You can use Spark Connect to run your Spark application remotely by using the EMR cluster that you launched.

You first need to configure the Software setting in the same way as the Spark Driver application. You also need to set the following configuration to enable Spark Connect.

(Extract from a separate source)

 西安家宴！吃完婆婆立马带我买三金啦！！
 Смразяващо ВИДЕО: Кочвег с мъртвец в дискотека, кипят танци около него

Allow inbound traffic for a Spark Connect server
  1. Create a security group to allow inbound traffic for a Spark Connect server. (Port 15001 is the default).
  2. Allow the role of "Amazon EMR service role" to attach the security group to the primary node of the EMR cluster.
  3. Add the security group to the primary node of the EMR cluster as "Additional security groups" when you launch the EMR cluster.
Launch the Spark Connect server via a bootstrap action
  1. Create a script file to launch the Spark Connect server as follows:
#!/usr/bin/env bash

set -eu -o pipefail

cd /var/lib/spark

sudo -u spark /usr/lib/spark/sbin/start-connect-server.sh --packages org.apache.spark:spark-connect_<SCALA_VERSION>:<SPARK_FULL_VERSION>,com.scalar-labs:scalardb-analytics-spark-all-<SPARK_VERSION>_<SCALA_VERSION>:<SCALARDB_ANALYTICS_VERSION>

The following describes what you should change the content in the angle brackets to:

  • <SCALA_VERSION>: The major and minor version of Scala that matches your Spark installation (such as 2.12 or 2.13)
  • <SPARK_FULL_VERSION>: The full version of Spark you are using (such as 3.5.3)
  • <SPARK_VERSION>: The major and minor version of Spark you are using (such as 3.5)
  • <SCALARDB_ANALYTICS_VERSION>: The version of ScalarDB Analytics
  1. Upload the script file to S3.
  2. Allow the role of "EC2 instance profile for Amazon EMR" to access the uploaded script file in S3.
  3. Add the uploaded script file to "Bootstrap actions" when you launch the EMR cluster.
Run analytical queries

You can run your Spark application via Spark Connect from anywhere by using the remote URL of the Spark Connect server, which is sc://<PRIMARY_NODE_PUBLIC_HOSTNAME>:15001.

For details on how to create a Spark application by using Spark Connect, refer to Spark Connect application.